Dataset extract

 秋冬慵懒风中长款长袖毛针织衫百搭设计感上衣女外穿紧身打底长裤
* * *
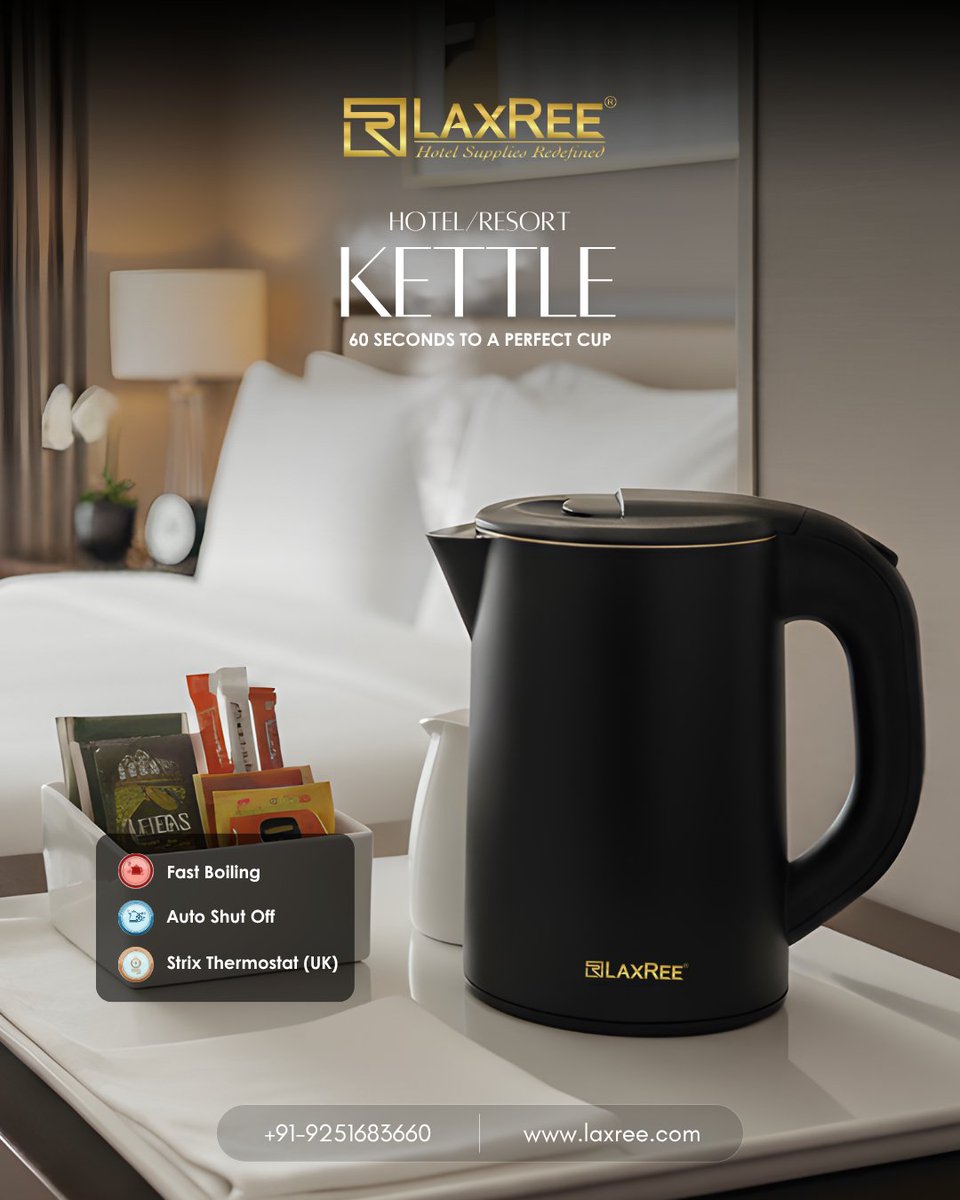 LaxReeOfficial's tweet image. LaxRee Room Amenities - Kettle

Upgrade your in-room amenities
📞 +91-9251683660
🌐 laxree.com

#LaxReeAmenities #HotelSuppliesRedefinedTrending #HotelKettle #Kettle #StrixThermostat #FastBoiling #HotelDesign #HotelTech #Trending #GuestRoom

Exercise
Take the lines above from the one containing "Upgrade your in-room amenities" to the one containing "#LaxReeAmenities #HotelSuppliesRedefinedTrending #HotelKettle" and retype them exactly, both ends included, with nothing added.

Answer for this exercise
Upgrade your in-room amenities
📞 +91-9251683660
🌐 laxree.com

#LaxReeAmenities #HotelSuppliesRedefinedTrending #HotelKettle #Kettle #StrixThermostat #FastBoiling #HotelDesign #HotelTech #Trending #GuestRoom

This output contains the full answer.